Deep Album Cuts Vol. 347: Bob Marley & The Wailers

 






As I get up into a few hundred entries in this series, I feel more self-conscious about any major artists I haven't covered yet, and Bob Marley is one of those really transformative figures of 20th century music that I knew I always needed to get to at some point. The new biopic Bob Marley: One Love that opened in theaters last week doesn't seem to me like it would be a particularly good movie, but still, a good excuse to look back at his catalog. 

Bob Marley & The Wailers deep album cuts (Spotify playlist):

1. Midnight Ravers
2. Concrete Jungle
3. Slave Driver
4. Small Axe
5. Burnin' And Lootin'
6. Put It On
7. Talkin' Blues
8. Natty Dread
9. Them Belly Full (But We Hungry)
10. Trenchtown Rock (live)
11. Crazy Baldhead
12. Night Shift
13. So Much Things To Say
14. Guiltiness
15. Natural Mystic
16. Kaya
17. Crisis
18. One Drop
19. Africa Unite
20. Bad Card
21. Real Situation
22. We And Dem

Tracks 1, 2 and 3 from Catch A Fire (1973)
Tracks 4, 5 and 6 from Burnin' (1973)
Tracks 7, 8 and 9 from Natty Dread (1974)
Track 10 from Live! (1975)
Tracks 11 and 12 from Rastaman Vibration (1976)
Tracks 13, 14 and 15 from Exodus (1977)
Tracks 16 and 17 from Kaya (1978)
Tracks 18 and 19 from Survival (1979)
Tracks 20, 21 and 22 from Uprising (1980)

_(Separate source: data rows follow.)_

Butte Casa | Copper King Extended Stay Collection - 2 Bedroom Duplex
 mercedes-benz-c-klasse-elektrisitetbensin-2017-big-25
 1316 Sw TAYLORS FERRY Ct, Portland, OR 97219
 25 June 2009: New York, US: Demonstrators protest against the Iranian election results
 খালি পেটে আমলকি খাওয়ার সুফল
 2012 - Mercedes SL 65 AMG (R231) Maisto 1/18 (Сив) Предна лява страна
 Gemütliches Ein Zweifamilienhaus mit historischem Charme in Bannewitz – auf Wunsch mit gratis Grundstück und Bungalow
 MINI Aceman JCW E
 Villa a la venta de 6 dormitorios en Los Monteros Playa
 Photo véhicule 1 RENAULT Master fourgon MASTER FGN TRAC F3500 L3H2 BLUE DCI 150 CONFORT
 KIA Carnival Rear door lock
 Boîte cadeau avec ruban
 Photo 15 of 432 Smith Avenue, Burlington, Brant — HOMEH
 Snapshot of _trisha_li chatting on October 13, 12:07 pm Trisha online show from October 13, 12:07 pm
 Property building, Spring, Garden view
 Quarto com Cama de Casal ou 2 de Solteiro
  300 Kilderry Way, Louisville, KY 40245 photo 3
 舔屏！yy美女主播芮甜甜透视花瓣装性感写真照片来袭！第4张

Bob Marley, Peter Tosh and Bunny Wailer formed The Wailers in the mid-'60s and made a few albums before their international breakthrough, Catch A Fire. The availability of the stuff before that album on streaming services today is spotty, so I just started at Catch A Fire and Burnin', which were intially credited to just The Wailers. After that, Peter Tosh and Bunny Wailer left the group, and everything from there was billed as Bob Marley & The Wailers. It's kind of unfortunate to leave out the early stuff produced by Lee "Scratch" Perry, but a lot of those early songs were re-recorded on the later records, so I'm still covering a lot of that material. 

It's kind of astonishing to think about what Bob Marley accomplished before dying at only 36 years old. The posthumous 1984 compilation Legend, which was a deliberate attempt to soften Marley's image with a focus on less political material, has become one of those greatest hits albums that casts a long shadow over the artist's catalog. It's sold over 15 million copies in the U.S. alone, whereas none of his proper studio albums are platinum in America and only a few of them are gold. So making a playlist like this really feels like a chance to make a counterpoint to Legend, to highlight important Marley songs that are left out of that portrait of his catalog. 

"Crisis" was recently sampled on the latest Hot 100 hit by a member of the Marley family,"Praise Jah In The Moonlight" by YG Marley, aka Lauryn Hill's son Joshua Marley. I do not like that song, but I like "Crisis." I remember weirdly hearing Charlie Hunter's excellent 1997 cover of Natty Dread before hearing the original album, that's a pretty cool record. My favorite songs on here are probably "Small Axe," "Night Shift," "One Drop" and "Concrete Jungle."